___ INFORMATION PROVIDED ___

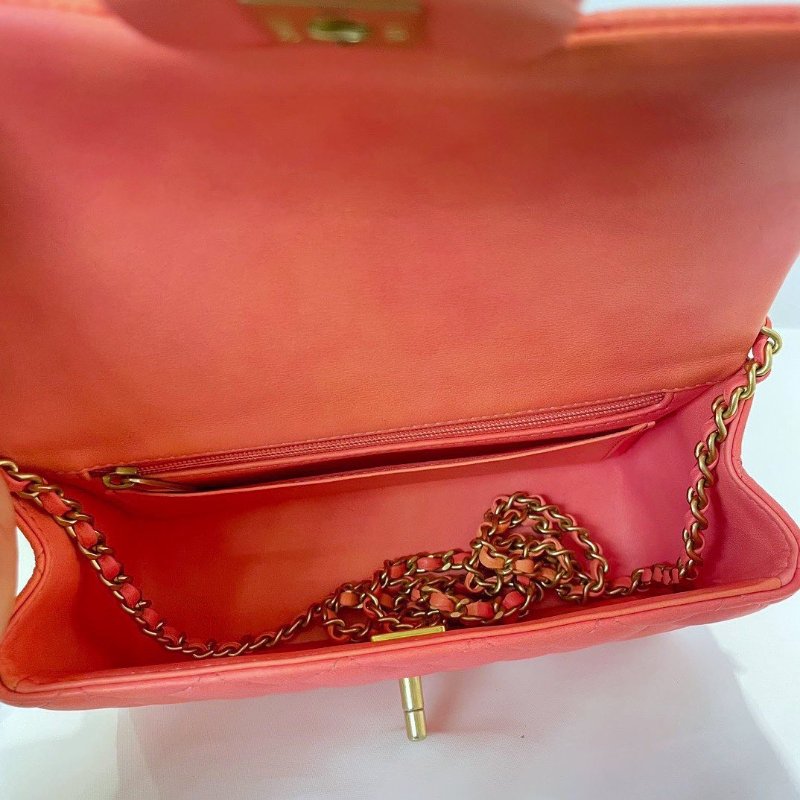 【CHANEL】香奈兒 Lambskin Classic Flap Bag 20 Handle 粉色漸變 金扣 CF20手柄 20x12x6 正品（二手）-8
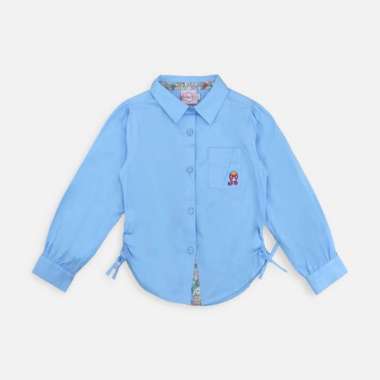 Shirt/ Kemeja Anak Perempuan Biru Polos/ Rodeo Junior Girl Sweet Season 4-5 tahun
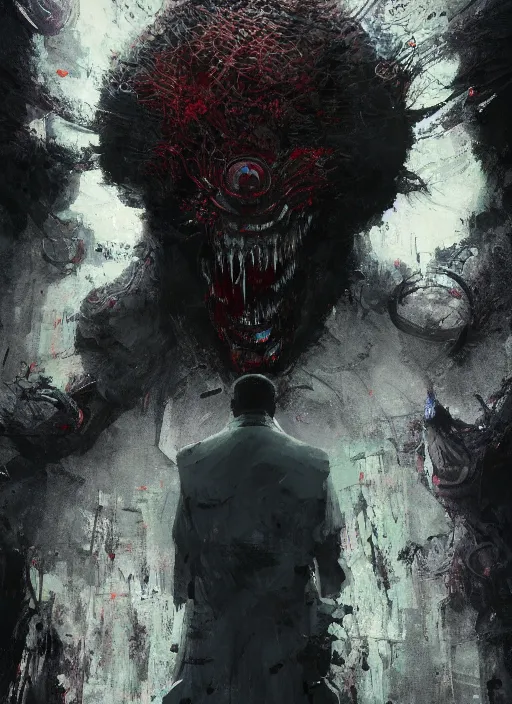 Image similar to Joe Biden grinning emperor of the world, high contrast, cosmic horror, abstract, masterpiece, trending on ArtStation, by Greg Rutkovski and by Craig Mullins and by David Cronenberg and by Ismail Inceoglu, very detailed, lovecraftian, dark, evil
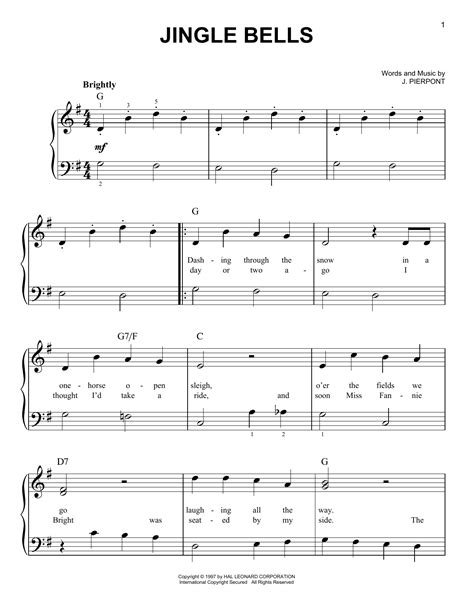 Jingle Bells By J Pierpont Sheet Music For Very Easy Piano At Sheet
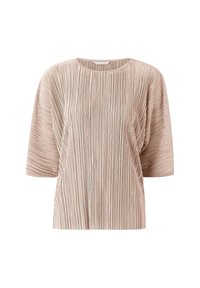 Top corto a maniche corte plissettato in morbido tessuto beige con righe verticali, scollo rotondo e vestibilità rilassata. Texture liscia con una leggera lucentezza.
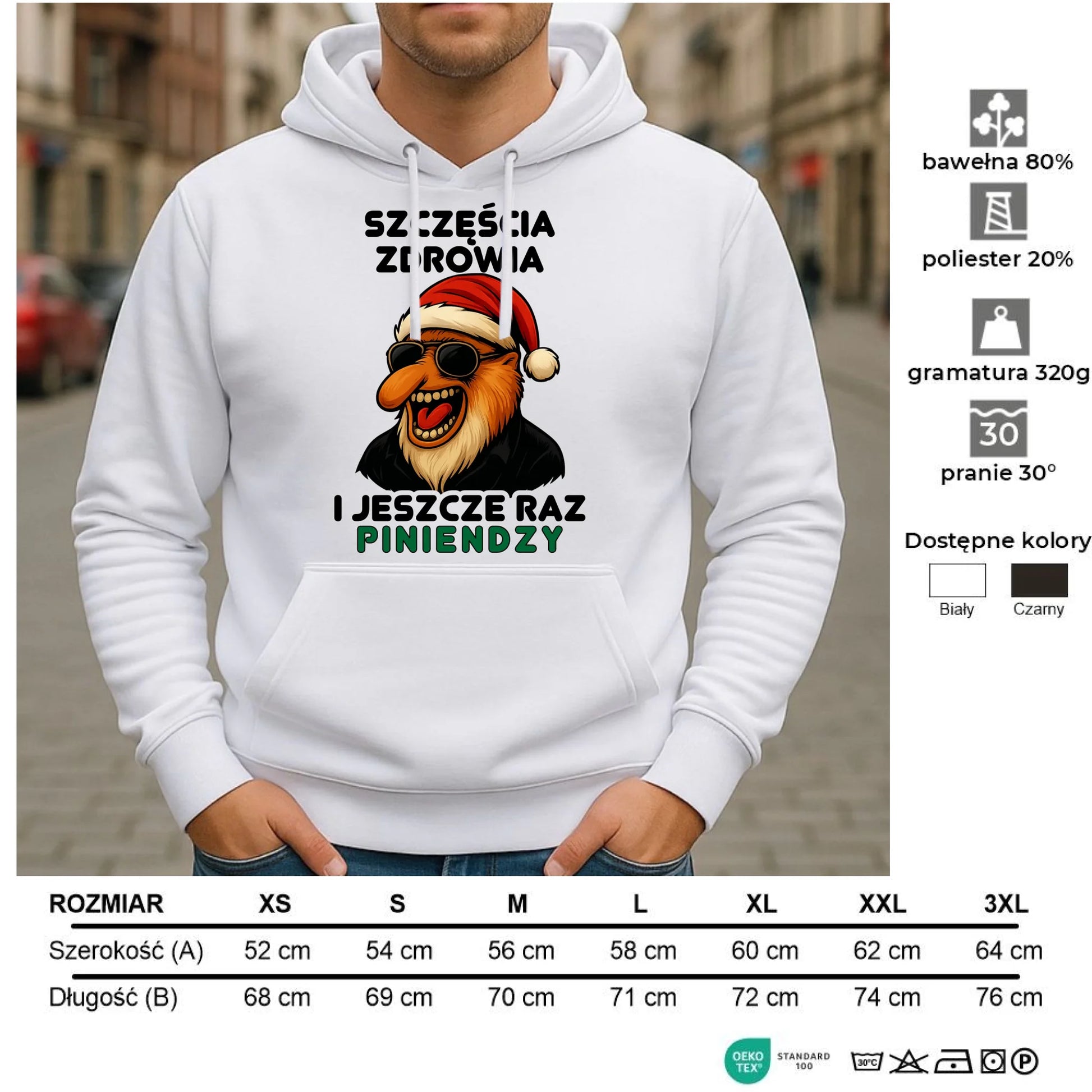 Bluza męska z kapturem świąteczna - Janusz Nosacz - I jeszcze raz piniendzy BN111 - StoryCups.pl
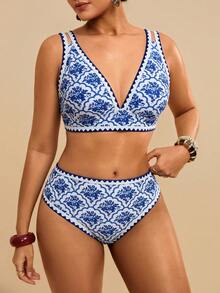 Travachic Conjunto de traje de baño con estampado floral fucsia para mujer talla grande - Azul y blanco - Ver 5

___

▸ **WORK INSTRUCTION**: Nothing but the lines from the line containing "Shirt/ Kemeja Anak" to the end of the records above should be repeated, exactly and with every picture omitted.

▸ **RESULT**:
 Shirt/ Kemeja Anak Perempuan Biru Polos/ Rodeo Junior Girl Sweet Season 4-5 tahun
 Image similar to Joe Biden grinning emperor of the world, high contrast, cosmic horror, abstract, masterpiece, trending on ArtStation, by Greg Rutkovski and by Craig Mullins and by David Cronenberg and by Ismail Inceoglu, very detailed, lovecraftian, dark, evil
 Jingle Bells By J Pierpont Sheet Music For Very Easy Piano At Sheet
 Top corto a maniche corte plissettato in morbido tessuto beige con righe verticali, scollo rotondo e vestibilità rilassata. Texture liscia con una leggera lucentezza.
 Bluza męska z kapturem świąteczna - Janusz Nosacz - I jeszcze raz piniendzy BN111 - StoryCups.pl
 Travachic Conjunto de traje de baño con estampado floral fucsia para mujer talla grande - Azul y blanco - Ver 5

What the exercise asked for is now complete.